The crowd held a moment of silence, then marched to the city’s old railway station, where the first trains departed for the Auschwitz-Birkenau concentration camp complex. A short ceremony was held at the station and flowers laid on the tracks.

Speakers included the city’s mayor, Yannis Boutaris, and Holocaust survivors.

“The commemoration is an honor for the city of Thessaloniki. But some people look upon this era nostalgically and are bringing back the old Nazi symbols,” said David Saltiel, leader of the city’s Jewish community. He was referring to the emergence of the extreme right-wing Golden Dawn, a party with neo-Nazi roots that swept into Parliament for the first time in June on an anti-immigrant platform.

On March 15, 1943, 2,800 Jews departed for the concentration camp.

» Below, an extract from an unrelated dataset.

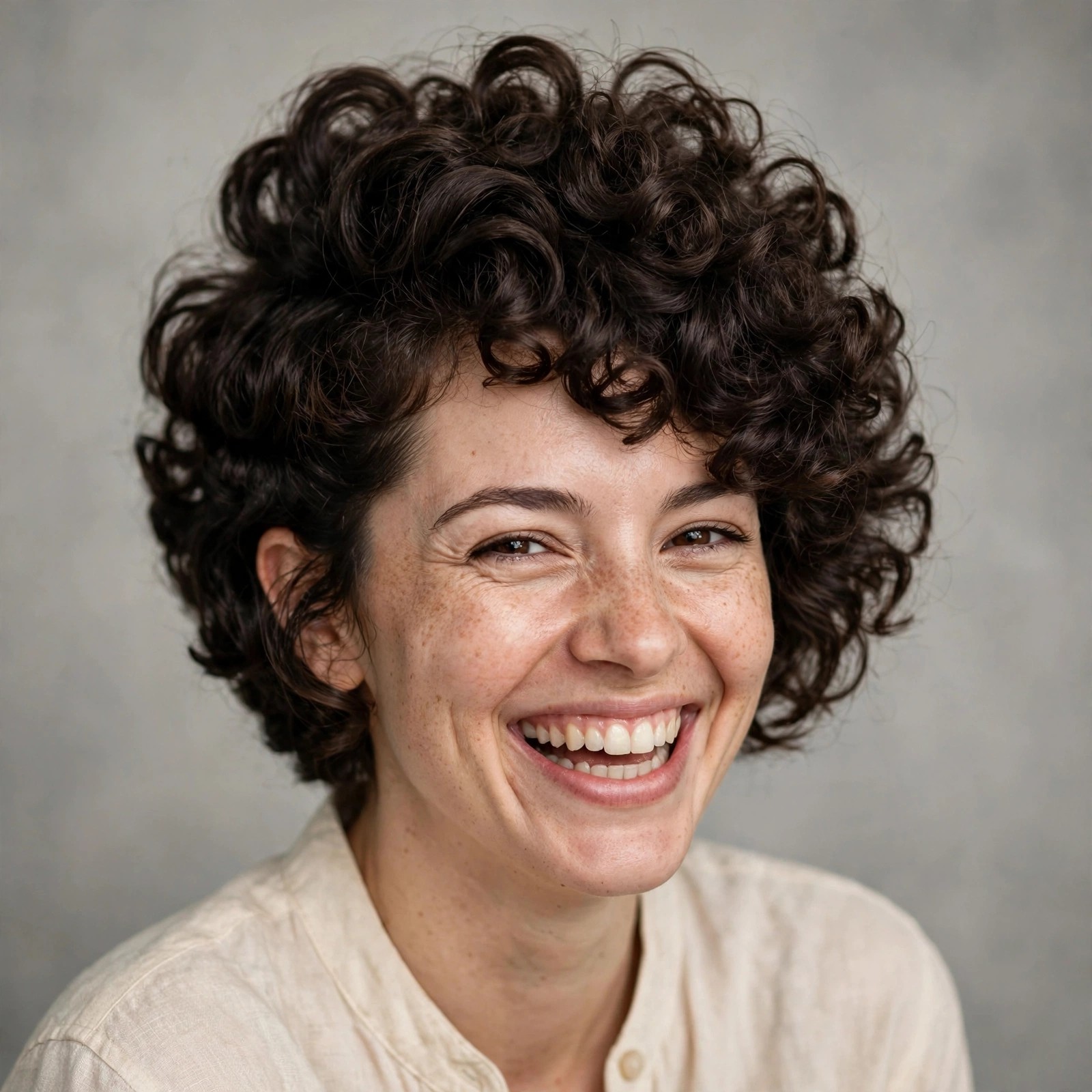 Curly short stacked bob with voluminous defined ringlets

“We were packed 80 to each train wagon … When we arrived, they sent a number straight to the crematoriums and kept some of us for work. We were beaten often by the guards,” recalled Holocaust survivor Moshe Haelion.

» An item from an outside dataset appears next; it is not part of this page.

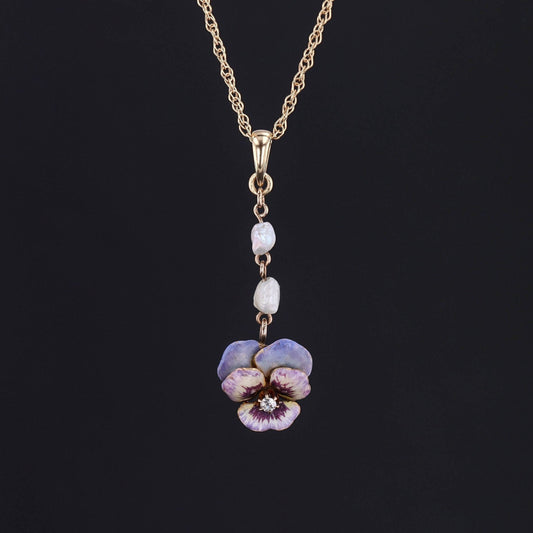 Antique Enamel Pansy Pendant of 14k Gold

Another survivor of the camps, Zana Santicario-Saatsoglou, described how for many years she was unable to tell her story. “My children used to ask me what that number on my arm was,” she said, referring to the identification number tattooed on Auschwitz-Birkenau prisoners. “I told them it was my old phone number in Thessaloniki.”

By August 1943, 46,091 Jews had been deported to Auschwitz-Birkenau. Of those, 1,950 survived. Fewer than 5,000 of the 80,000 Jews living in Greece survived. The majority, after returning from the camps, emigrated to Israel.

Today, the Jewish community in Thessaloniki, which until the early 20th century formed a slight majority of the city’s inhabitants, numbers fewer than 1,000.

The Jews of Thessaloniki were mostly Sephardic ones, who immigrated to the city, then part of the Ottoman Empire, after 1492 to escape persecution in Spain.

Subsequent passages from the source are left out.